国がもつ物理の力を行使することの作用と反作用―情報の拡散

 デモ隊と警察がぶつかり合う。警察というのは国家装置である。国による物理の力だ。このさいの警察とは、国家警察をさす。これは政治警察や秘密警察や警備公安警察と言われ、(国民ではなく)国家の権力に奉仕するものである。

 何かの抗議などの活動をしているデモ隊が、警察とぶつかり合いになって、警察によって排除される。それで排除されるさいに、暴力が振るわれたり、暴力的に逮捕されたりすることがおきる。

 国の政治の権力というのは、平時には物理の力をじかには用いずに、それ以外の手による支配を行なう。
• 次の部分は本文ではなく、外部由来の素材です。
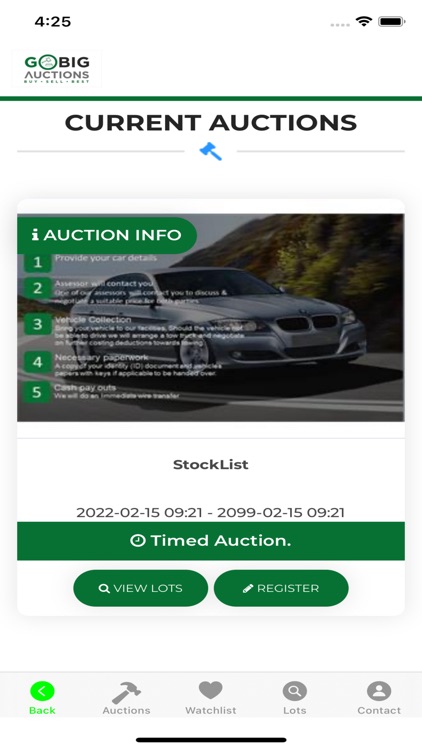 GoAuctions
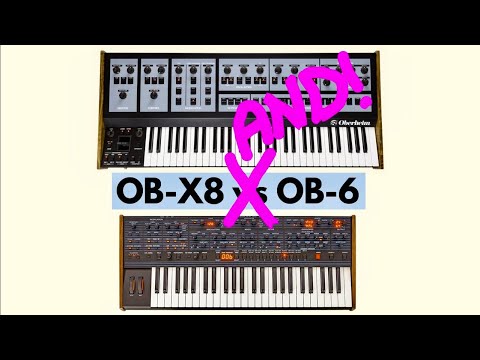 OB-X8 & OB-6 Stacked To Make a Dream Machine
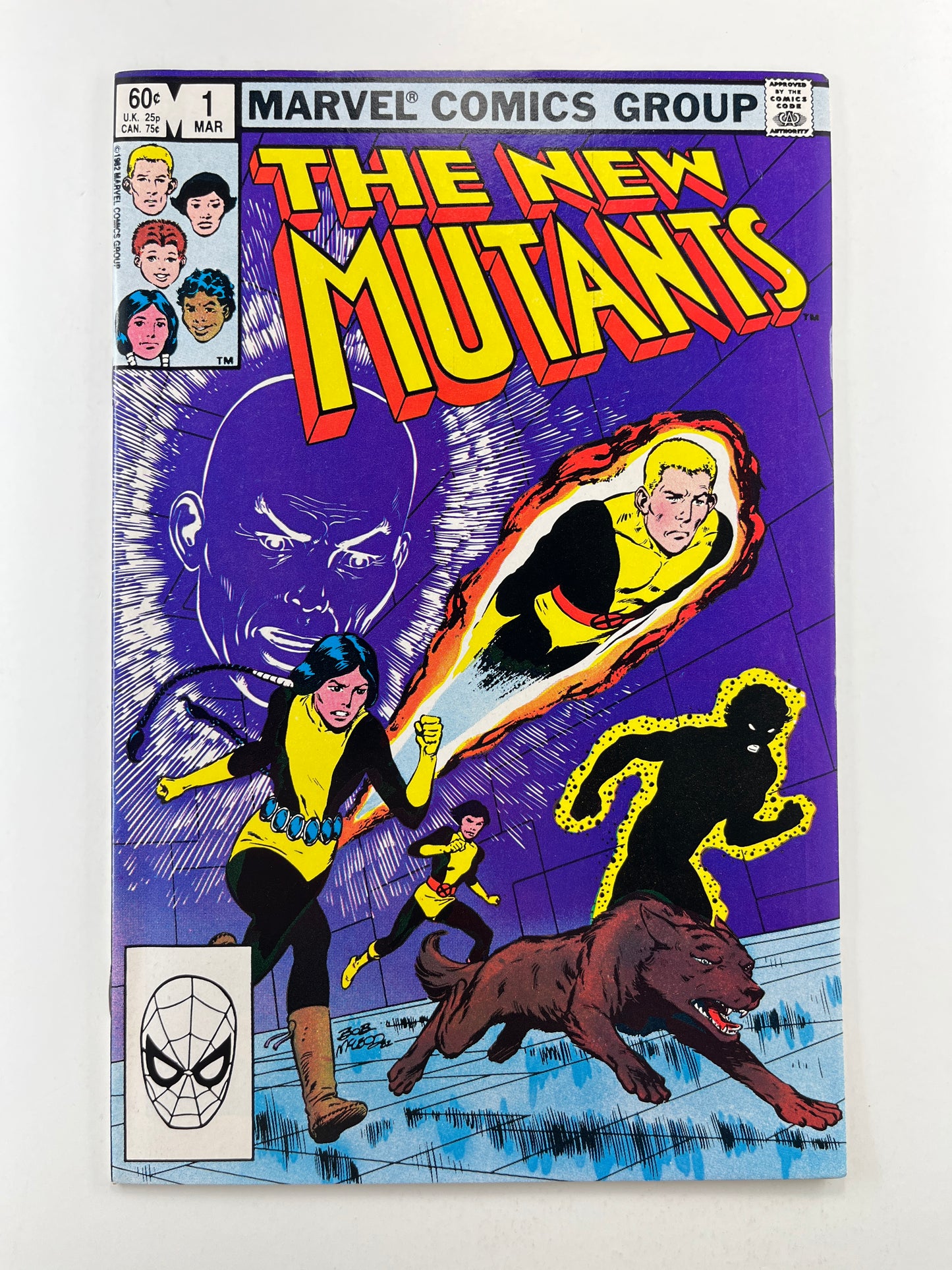 The New Mutants #1 (Mar 1983)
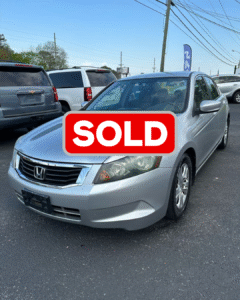 Honda Accord LX-P Sedan Silver 2009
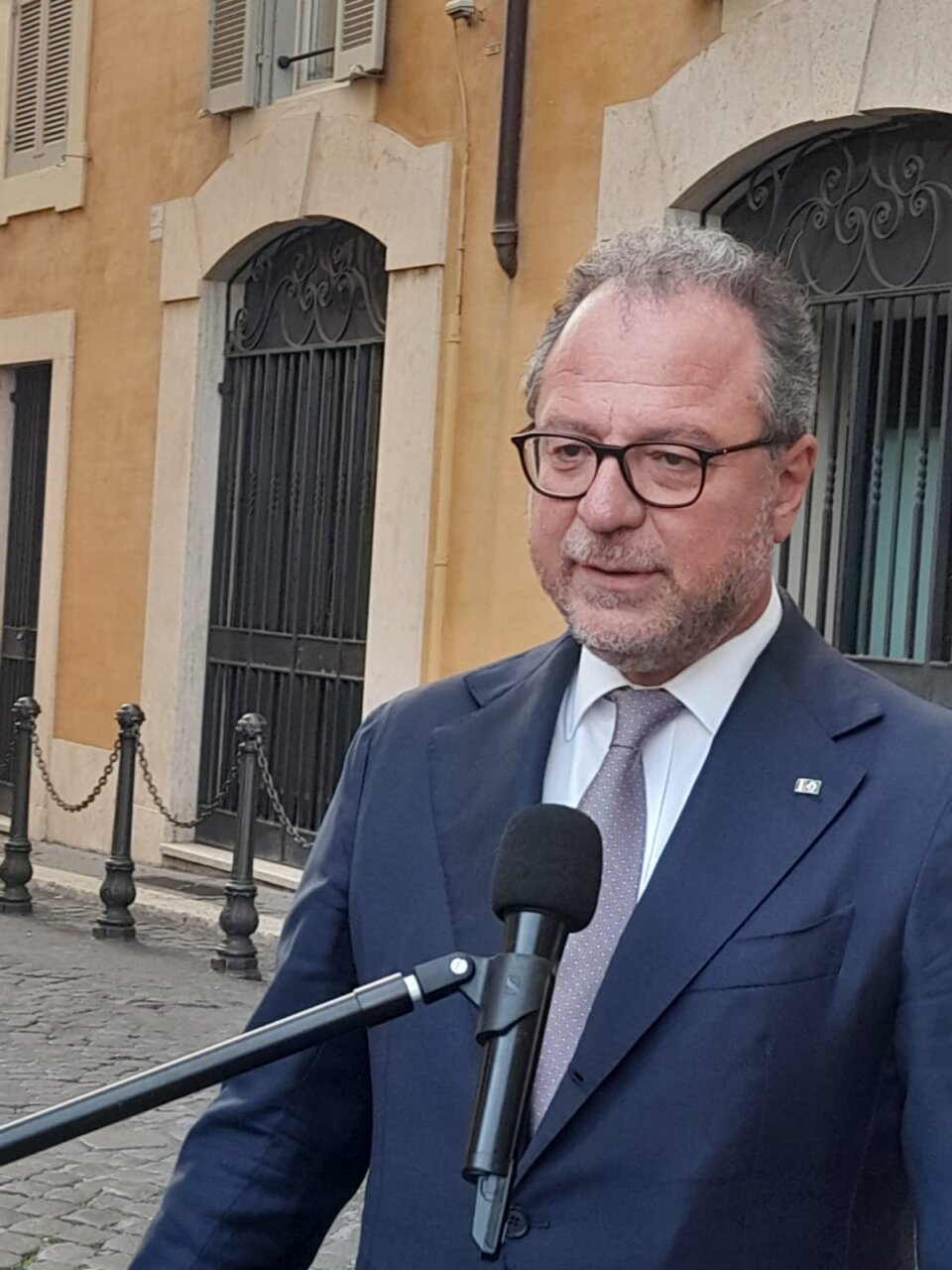 Giorgio Mulè, deputato di FI, vicepresidente della Camera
その支配のための道具となるのが、大手の報道機関や学校などの、国家のイデオロギー装置だ。

 国家のイデオロギー装置による支配に限界がおきて、国家が物理の力による支配を行なう。そこで暴力が振るわれる形で反対勢力が排除されるありさまが、情報として記録されて、拡散される。そこで行なわれていることは、非文明的な野蛮なことであるとしても、それが情報として記録されて拡散されることは、文明的であると言えるだろう。

 いまの時代は、情報を記録して拡散する技術が発達していて、情報が残されて広まりやすい。そのために、国家が物理の力を用いるさいに、その作用にまつわる反作用がおきることになって、悪い宣伝のような効果がすぐにおきる。物理の力を用いる主体が意図しないものだとしても、悪く宣伝することになる。負のこん跡がつくられて残る。特定の国家や地域にとどまらず、国民国家の一般がもつ悪いところがあばかれることになるというのもいなめない。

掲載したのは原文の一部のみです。